WCCO meteorologist Paul Douglas retired Friday, bringing to an end a broadcast career spanning five decades. But he'll continue to run his Eden Prairie-based weather prediction company and produce his regular weather columns for the Star Tribune. "I'm retiring from radio, so I'm turning down the dial a notch," Douglas said Friday, adding that he plans to spend more time traveling and with family and friends.

Douglas grew up in Pennsylvania's Lancaster County, in the heart of Amish country. He earned a meteorology degree at Penn State and began his broadcast career in the Wilkes-Barre/Scranton area, where he worked for the local news station. He soon moved to Satellite News Channel, which went live in 1982 and was purchased a year later by media mogul Ted Turner and was promptly replaced with CNN programming.

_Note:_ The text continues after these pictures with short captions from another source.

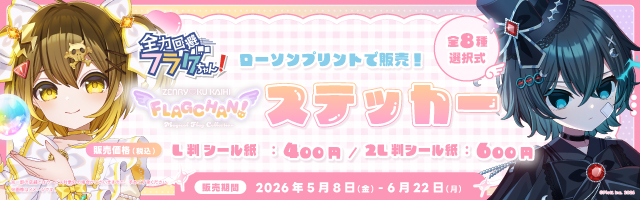 「全力回避フラグちゃん!」のステッカーを「ローソンプリント」で販売中！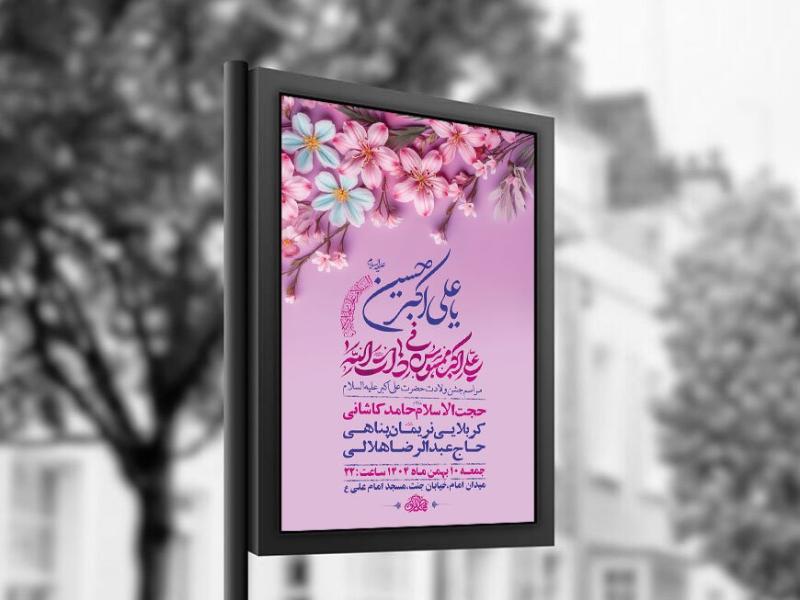 -طرح-لایه-باز-ولادت-حضرت-علی-اکبر-ع-+-استوری-
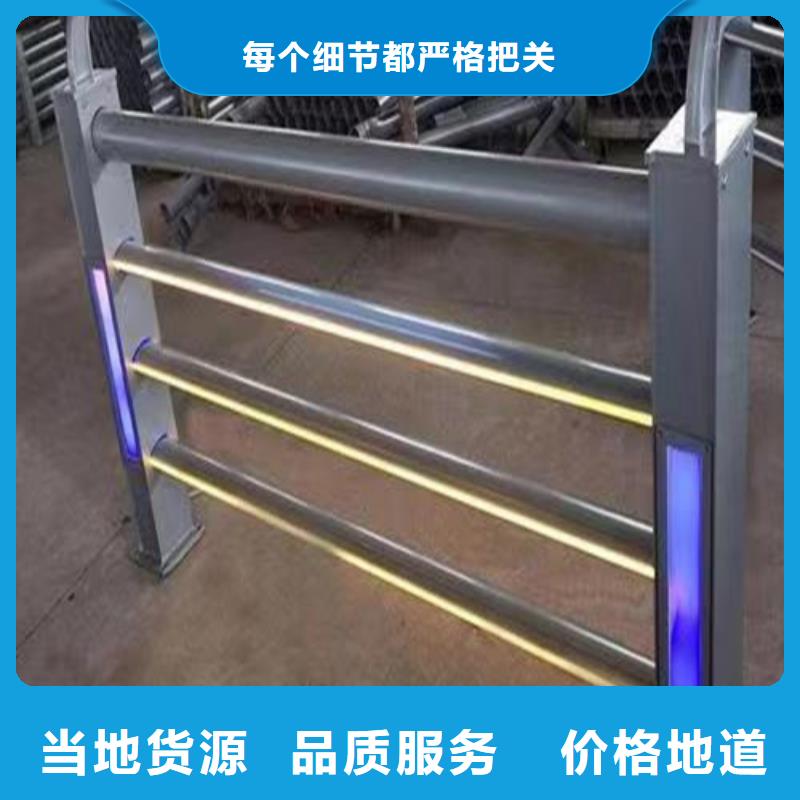 LED燈光護(hù)欄廠家供應(yīng)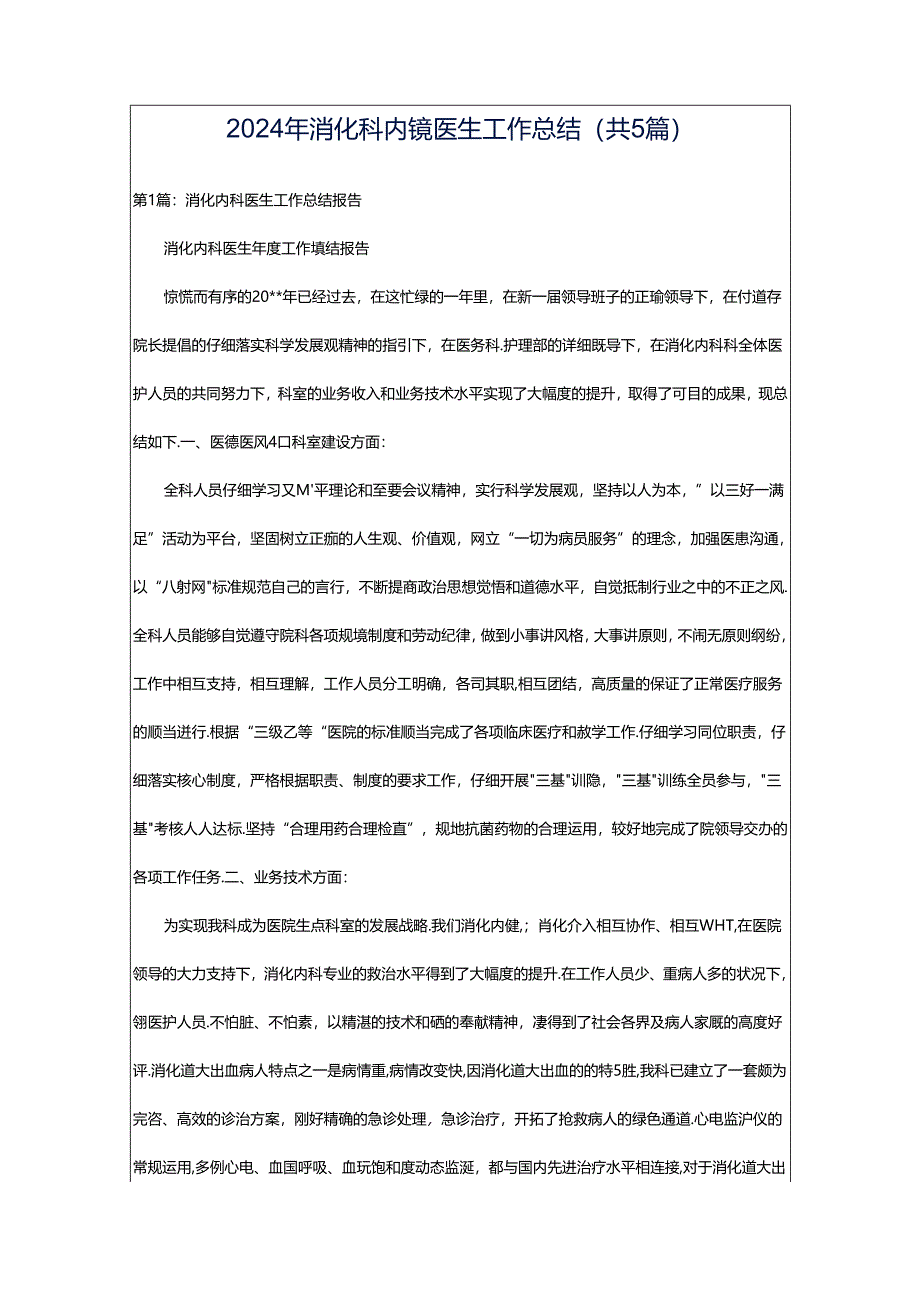 2024年消化科内镜医生工作总结(共5篇).docx_第1页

Douglas was hired in 1983 by WTCN-TV, the Twin Cities' NBC affiliate, which later became KARE 11. It was at KARE that Douglas covered what he calls the most memorable story of his career: the live broadcast in 1986 of a Fridley tornado, captured at close range by a KARE photographer from the station's helicopter. Douglas presided over parts of the broadcast as the twister unfolded in real-time.

"That continues to blow me away," he said. "There was nothing like it and there continues to be nothing like it. We were fortunate to be in the right place at the right time with the right team.

" A close second, Douglas said, was the 1991 Halloween blizzard that ended up blanketing.